Final code for the challenge 2, table 1

select
/Clean up the Model field to leave only the letters to represent the Brand of the bike/
regexp_replace(collate("Model",''), '[^a-zA-Z]', '') as "Brand"
, "Bike Type"
/Workout the Order Value using Value per Bike and Quantity/
, sum("Value per Bike"*"Quantity") as "Order Value"
/*Aggregate Value per Bike, Order Value and Quantity by Brand and Bike Type to form:
- Quantity Sold
- Order Value
- Average Value Sold per Brand, Type*/
, sum("Quantity") as "Quantity Sold"
/* Order Value already aggregated*/
/Round any averaged values to one decimal place/
, round((avg("Value per Bike")),1) as "Average Value Sold per Brand, Type"
from "AN_WK2"
group by "Brand"
, "Bike Type"

Challenge 2, table 2

Calculating Days to ship

A simple DATEDIFF function that comes after SELECT was required here:

, datediff('day',"Order Date","Shipping Date") as "Average Days to Ship"
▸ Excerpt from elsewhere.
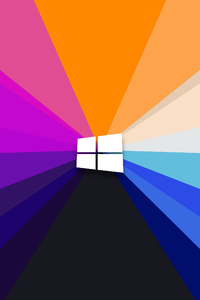 480x854 Windows 10 Abstract Minimal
Aggregating Order Value, Quantity and Days to Ship by Brand and Store to form: Total Quantity Sold, Total Order Value and Average Days to Ship

Similar to the first table's calculations:

, sum("Value per Bike""Quantity") as "Order Value"
, sum("Quantity") as "Quantity Sold"
, avg(datediff('day',"Order Date","Shipping Date")) as "Average Days to Ship"
from "AN_WK2"
group by "Brand"
, "Store"

Rounding any averaged values

Let's round our Average Days to Ship:

, round(avg(datediff('day',"Order Date","Shipping Date")),1) as "Average Days to Ship"

Final code for the challenge 2, table 2

select
regexp_replace(collate("Model",''), '[^a-zA-Z]', '') as "Brand"
, "Store"
/*Aggregate Order Value, Quantity and Days to Ship by Brand and Store to form:
- Total Quantity Sold
- Total Order Value
- Average Days to Ship*/
, sum("Value per Bike"*"Quantity") as "Total Order Value"
, sum("Quantity") as "Total Quantity Sold"
/Round any averaged values to one decimal place/
/Calculate Days to ship by measuring the difference between when an order was placed and when it was shipped, aggreagete/
, round(avg(datediff('day',"Order Date","Shipping Date")),1) as "Average Days to Ship"
from "AN_WK2"
group by "Brand"
, "Store"

And that's all for the two challenges!